Personal information
- Full name: Patrick Tasman Raddock
- Born: 31 October 1920 Suva, Rewa Province, Fiji
- Died: 23 May 1977 (aged 56) Suva, Rewa Province, Fiji
- Batting: Right-handed
- Role: Wicketkeeper

International information
- National side: Fiji;

Career statistics
| Competition | FC |
| Matches | 9 |
| Runs scored | 337 |
| Batting average | 21.06 |
| 100s/50s | –/1 |
| Top score | 89 |
| Balls bowled | – |
| Wickets | – |
| Bowling average | – |
| 5 wickets in innings | – |
| 10 wickets in match | – |
| Best bowling | – |
| Catches/stumpings | 11/10 |
- Source: Cricinfo, 13 March 2010

= Patrick Raddock =

Fijian cricketer

Patrick Tasman Raddock MBE (31 October 1925 - 23 May 1977) was a Fijian cricketer. Raddock was a right-handed batsman who played primarily as a wicketkeeper.

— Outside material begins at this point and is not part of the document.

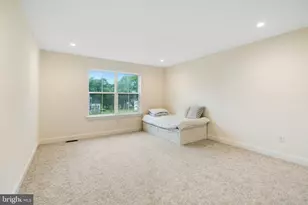 1045 Oak Ridge Dr, Horsham, PA 19044 - Photo 39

Raddock made his first-class debut for Fiji in 1948 against Auckland during Fiji's tour of New Zealand. From 1948 to 1954 he played 9 first-class matches for Fiji, with his final first-class appearance coming against Auckland during Fiji's 1953/54 tour of New Zealand.

In his 9 first-class matches for Fiji he scored 337 runs at a batting average of 21.06, with a single half century score of 89 against Wellington in 1954. Behind the stumps Raddock took 11 catches and made 10 stumpings.

Raddock also represented Fiji in 18 non first-class matches from 1948 to 1956, with his final match for Fiji coming against the touring West Indians.

He was appointed Member of the Order of the British Empire (MBE) in the 1971 New Year Honours.

Raddock died at Suva on 23 May 1977.